You dreamt of Carrie Bradshaw’s book launch party (with the little shoe cakes!) and now it’s time for one of your very own. How can you make it happen on a shoestring budget? Read on.

1.) Don’t hold your book launch party at a bookstore. It may have been your dream to do this as a kid. Ignore that urge. Many shops book up months in advance and can only be bothered with New York Times bestselling authors, or are in townships with weird fire codes that prevent too many folks gathering in one place. In short, it may be tough to get in.

Also, books are a bookstore’s main business. So you will be sharing your profits with them. This is not usually a bad thing, but if you are trying to keep costs for your party down, it doesn’t help. If your book sells for $10, you may be only getting $6 of that at a bookstore, and $6 might be more than what you paid for your book from your publisher!

Lastly, most bookstores do not allow food or drinks, which can make for a rather dry party. Celebrate your launch elsewhere and then go back to the bookstore later to take a selfie with your book on the shelf.
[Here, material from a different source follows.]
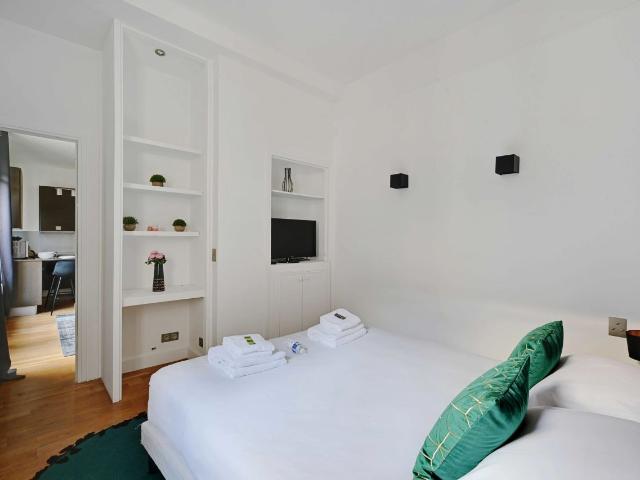 New one bedroom apartment in a Parisian building in the heart of the 8th arrondissement of Paris Paris Amsterdam Apartments for Rent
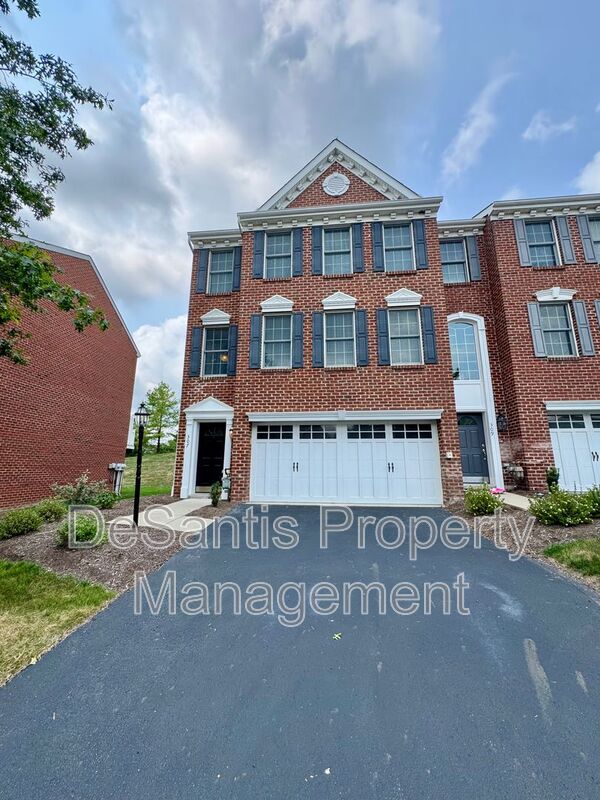 Wexford Townhome: 307 Marshall Heights Drive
2.) Instead, think unique venue. Here is a list of great spots for book launches you may not have thought of: pinball arcade, art gallery, bowling alley,
concert hall (on an off night), your backyard, or a restaurant/bar/or coffee shop (preferably with a back room or semi-private area). Why? These places are not in the business of book sales. They may not care if you sell books in their venue, as long as you ask beforehand. You are driving traffic to their business. Someone who comes to a coffee shop might buy coffee! Someone who goes to an art gallery might buy some art!

Also, they may just be happy to have some entertainment at their shop and won’t charge you a fee. This is key. Go to the venue, ask to speak with the manager, or arrange a time later to meet with the events coordinator/manager and talk about your event. Bring a poster or an event plan if you can. Make sure you sound legit. The place might be thrilled to have you perform there and may even want to reserve a section for your crew or make a special cocktail just for your guests to purchase at the event.

Be flexible with your venue and work with them on times. Just like with weddings, it pays to look at other times than Saturday night. How does Thursday night or Sunday afternoon work for you? Also, be sure to check the literary calendar in your area to see that your event isn’t conflicting with that Li-Young Lee reading down the road.

3.) Bring in another performer and an emcee. Notice I said “performer,” not another writer. This is your launch party, and you can let the focus on your writing! However, a guitarist to play background music while you sign books? Yes! A mime, a juggler, your friend who tells (actually funny) jokes? Bring them on! Give them billing on the program, too. This person will draw interest to your event from other genres of art as well. Also, ask a friend to emcee the event. This is so much better than you emceeing. They can introduce you and might even praise your book a bit! It will feel official, like a launch should be. Bonus points? Ask someone who works for your publisher to do it. You’ll feel like a big shot. To compensate the performer and emcee, buy them beers or coffee and profusely thank them.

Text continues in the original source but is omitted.